Two years ago it launched an app that allows dealers to arrange car loans within minutes for buyers who provide eight pieces of information, an innovation that is now being copied by other Brazilian banks. That process had previously taken at least a day and required car buyers to provide reams of documentation. If a loan is approved, clients sign the contract digitally.
“It saves a lot of time,” said Eduardo de Jesus, a salesman at Basile Center Car, located in a middle-class neighborhood on Sao Paulo’s northwest side.
Santander plans to use that model to grow its consumer finance business in Brazil with loans for vacations, building materials and solar panels, according to Andre Novaes, head of Santander’s consumer finance unit. Many Brazilian banks have avoided such lending because of the high default risk and shaky collateral.
To safeguard its portfolio, Santander said it has encouraged highly-indebted clients to refinance and consolidate different types of loans in arrears into a single loan with more amicable terms.
Some bankers, however, view the practice as a way to mask Santander’s default ratio.
Severe losses in 2011 forced Itau and Bradesco to stop financing low-end motorcycles, and to ban cars aged ten years and older from their portfolios. They also increased down payments and shortened loan maturities, which had stretched as long as 70 months.
Santander has been in Brazil since 1982. It has made a few good-sized acquisitions, including the purchase of the Brazil unit of Amsterdam-based ABN AMRO in 2007.
But most of its organic growth spurt has come under Sergio Rial, who took the CEO job at Santander Brasil in January 2016.
A lawyer and economist, Rial served a stint as chief financial officer at the grains trader Cargill Inc and as a board member at ABN AMRO. He was chief executive of the Brazilian meatpacker Marfrig when Ana Botin, the executive chairman of Santander Group, tapped him for the top job in Brazil.
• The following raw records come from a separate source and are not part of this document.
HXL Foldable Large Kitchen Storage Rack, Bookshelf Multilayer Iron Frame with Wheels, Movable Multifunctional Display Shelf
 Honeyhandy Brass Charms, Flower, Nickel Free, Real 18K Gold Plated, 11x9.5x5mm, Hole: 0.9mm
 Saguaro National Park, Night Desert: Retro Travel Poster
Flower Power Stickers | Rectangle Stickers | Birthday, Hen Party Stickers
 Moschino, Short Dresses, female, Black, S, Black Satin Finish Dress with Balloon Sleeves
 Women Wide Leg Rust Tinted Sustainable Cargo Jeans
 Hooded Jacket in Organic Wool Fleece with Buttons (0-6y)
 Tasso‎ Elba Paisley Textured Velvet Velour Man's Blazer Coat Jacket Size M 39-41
While car loans have juiced growth, Rial has also bet on safer credit lines, including payroll loans and mortgages, as well as credit cards. Overall, Rial has been strengthening Santander’s retail arm to the detriment of corporate loans. Consumer loans comprise 70 percent of the bank’s loan book, up 12 percentage points from when Rial took the CEO post.
To engage the bank’s employees, Rial has tied more of their compensation to performance; variable compensation increased 16 percent from 2015 to 2017 even as the bank’s payroll shrunk roughly 7 percent. The number of clients has increased for 40 straight months, reaching 23.4 million in September.
Still, the auto loan business remains the bank’s standout in terms of growth. De Jesus, the car salesman at Basile Center Car, said Santander’s rivals are paying attention.
“When clients come to a store, they want to know exactly if the down payment suits their pockets, and Santander’s tools show it immediately,” he said. “Other banks are copying it now.”